A4. For the purposes of this report, we do not prefer any particular value-added model.

All teacher value-added models start with the gain scores of individual students on academic assessments that are associated with the time period when those students are the responsibility of a particular teacher. A large number of statistical adjustments are then possible to try to remove influences on student achievement that are not the effect of the teacher. For example, classrooms with more economically disadvantaged students may, on average, show higher or lower rates of growth than classrooms of more advantaged students, so value-added models often adjust for that variable and other student background characteristics that reflect the mix of students in a particular teacher’s classrooms. Adjustments can also be made for school characteristics, for district characteristics, for attendance, and other factors. There are typically several ways of calculating the effects of variables regardless of which variables are included in the value-added model. Further, models that are formally very similar can produce different results depending on the number of years of prior data on student achievement that are used as an adjustment for student background. There is as yet no clear consensus among the econometricians and statisticians who construct these models as to which is best. Further, models that may be superior technically can fail as management tools or face political or public challenges because they are difficult for anyone except specialists to understand.[≠]

Because of the unsettled nature of the engineering of value-added models and the tension between technical strength and public transparency we do not recommend a particular value-added model. However, we believe there is now a sufficient body of research to recommend that the most important adjustment in a value-added model is the inclusion of student achievement from prior years, e.g., adjusting for how much a 6^th grade teacher’s students learned in 5^th and 4^th grade.[xiii] Although the design of value-added models clearly matters, we believe that for the broad purposes of passing muster, which is intended to require only a light hand from the federal or state level, it is better to leave those design decisions to responsible education authorities.

Q5. Is the passing muster model useful for anything in addition to the task of identifying exceptional teachers?

A5. Yes. There are a number of possible uses for both policy and management decisions.

We have built our narrative around federal and state programs that provide incentives to local education agencies to recognize exceptional teachers. However, the model we have put forward could be used to create conditions for funding broader education programs that are predicated on school districts having meaningful teacher and principal evaluation systems. For example, the Obama administration has identified improved teacher and principal effectiveness as a centerpiece of its plans for reauthorization of the Elementary and Secondary Education Act (ESEA).[xiv] We can imagine Congress building a requirement into Title I or Title II of ESEA that districts report on the reliability of their evaluation system using our model as a foundation. With those data available for every school district in the nation, we could imagine states taking the next step and determining threshold values of evaluation reliability that districts would be expected to meet. We could also see the federal government incentivizing states or districts to reach threshold values or to demonstrate improvement in the reliability of their evaluation systems.
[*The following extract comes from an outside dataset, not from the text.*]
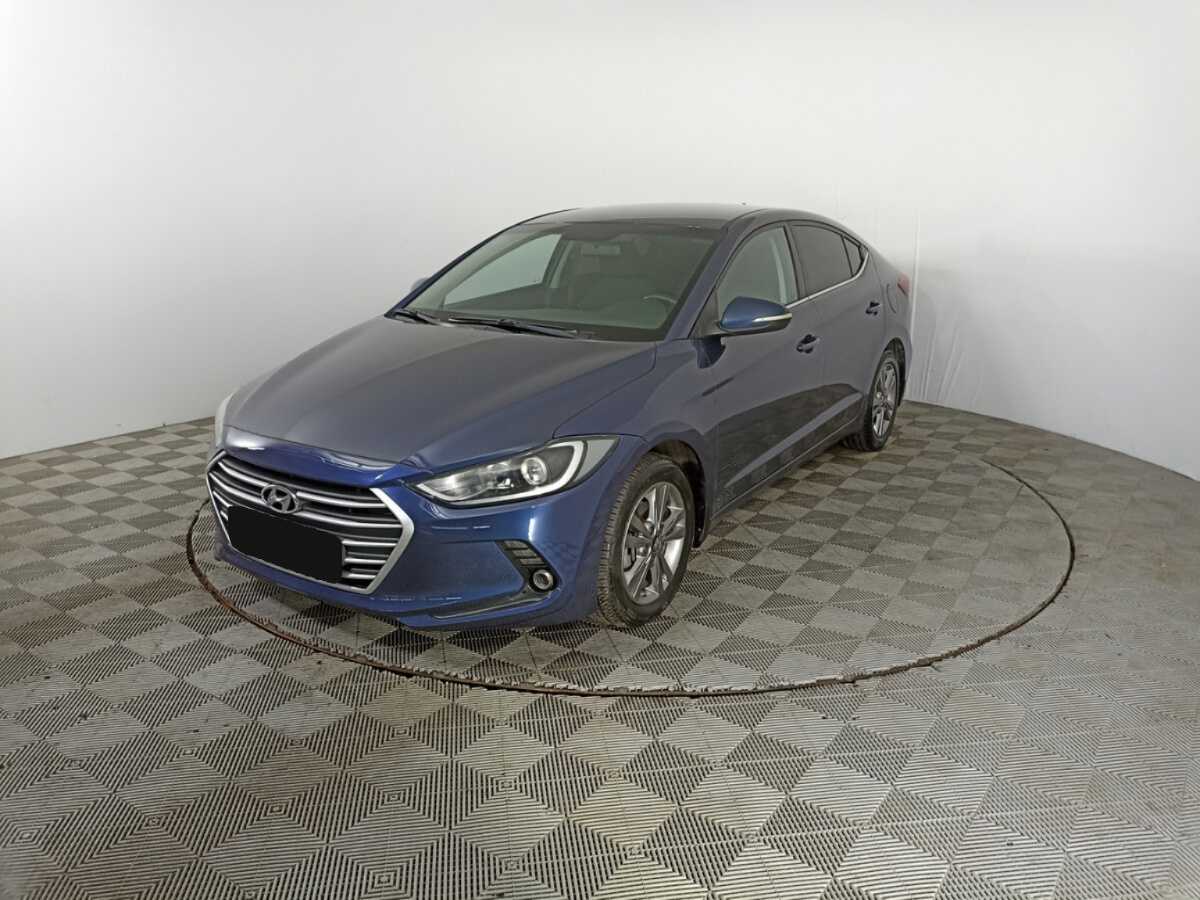 Hyundai Elantra 2018 года с пробегом. Посмотреть фото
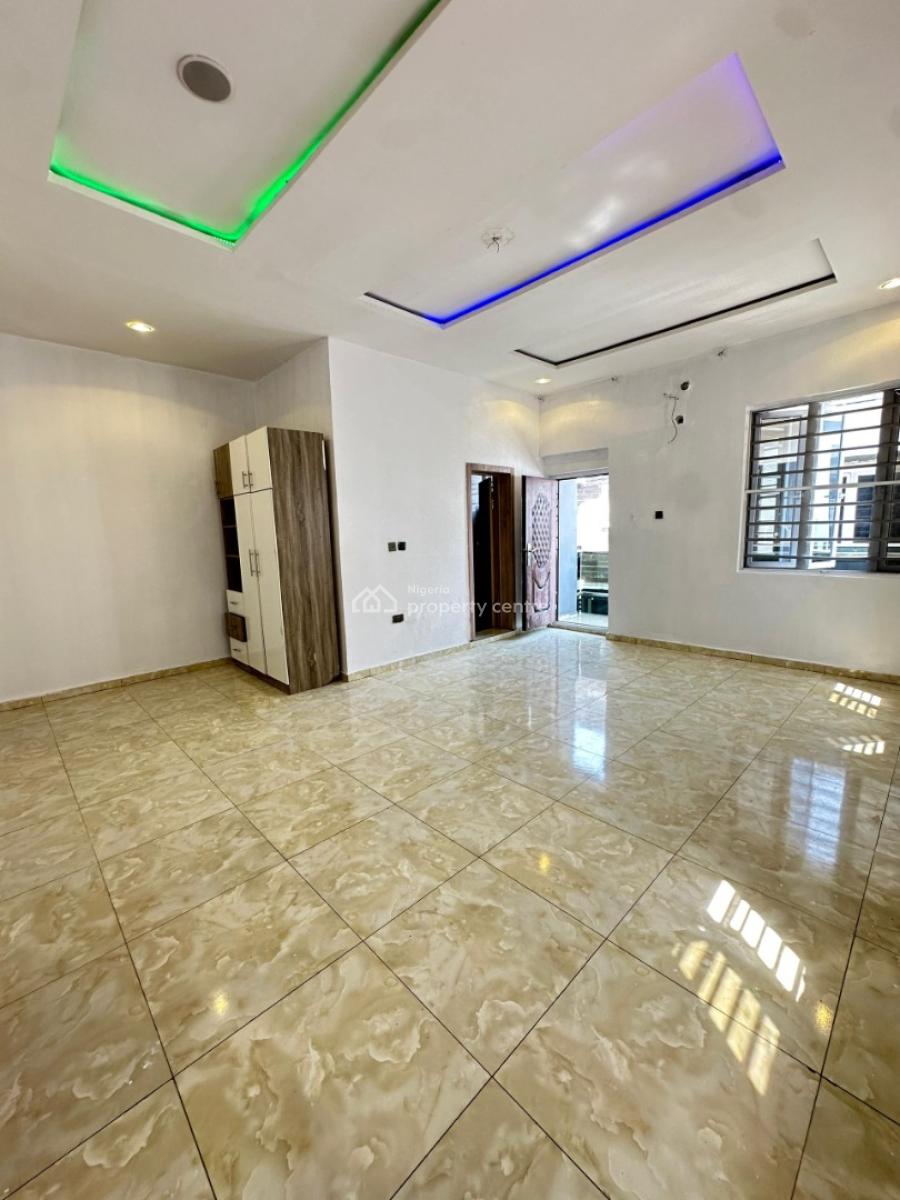 Masters Bedroom, Orchid, Lekki, Lagos, Self Contain (single Rooms) for Rent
Technical Appendix: Standard-Setting for Value-added Based Teacher Identification Systems

This appendix provides the technical details underlying our approach to evaluating the reliability of a teacher evaluation system, and the related question of how state or federal teacher recognition programs can accommodate district evaluation systems of differing quality. We approach this question as a Bayesian decision problem: Based on an imprecise teacher evaluation, we must (1) form posterior beliefs about each teacher’s effectiveness and then (2) base decisions about recognition on these posterior beliefs in a way that minimizes mistakes. The key insight is that decisions should be made based on posterior beliefs, and these beliefs are more precise when the teacher evaluation system is more reliable allowing us to recognize more teachers while making fewer mistakes.

The appendix is organized into four sections. The first section formalizes our approach using a simple model. The second section shows how posterior beliefs can be formed about teacher effectiveness, and how these relate to the reliability of the evaluation. The third section develops a simple method that can be used to estimate the reliability of the teacher evaluations from district data. The final section shows how this information can be used to select teachers for recognition in a way that minimizes mistakes.

1. A Simple Model for the Evaluation of Teacher Evaluation Systems

Our goal is to identify teachers whose effectiveness, defined as the effect they have on student test scores, is above some threshold. For this example, we will consider a threshold at the 75th percentile of teacher effectiveness, so that only the top 25 percent of teachers would truly exceed this threshold if we had a perfectly reliable evaluation. We assume that the impact of teacher (j) on student test scores is the teacher effect (μj) in the following value-added model:

Equation 1:

Where Xijc represents variables that control for student (and potentially peer) factors such as prior test scores, μj is the teacher effect, θjc is an idiosyncratic effect on student scores in a given classroom (c) of students, and εijc is a student-level idiosyncratic residual. We will assume that the teacher effect is normally distributed with mean 0 and variance .

Districts cannot observe the teacher effect (μj) directly, but instead must evaluate teachers based on a variety of imperfect measures such as value-added estimates, classroom observations, etc. Suppose that a district uses whatever information they have available to create an overall evaluation score (Sj) for each teacher. This score could be formed in any way, such as based on informal reviews by principals, or formal composite measures based on multiple measures of teacher performance. We will assume that the evaluation score is continuous and normally distributed, but if this were not the case the ideas here would generalize (although some of the specifics would differ). For simplicity, we will also assume that the evaluation of all teaches is based on the same information—e.g., all teachers are evaluated based on classroom observations and value-added estimates.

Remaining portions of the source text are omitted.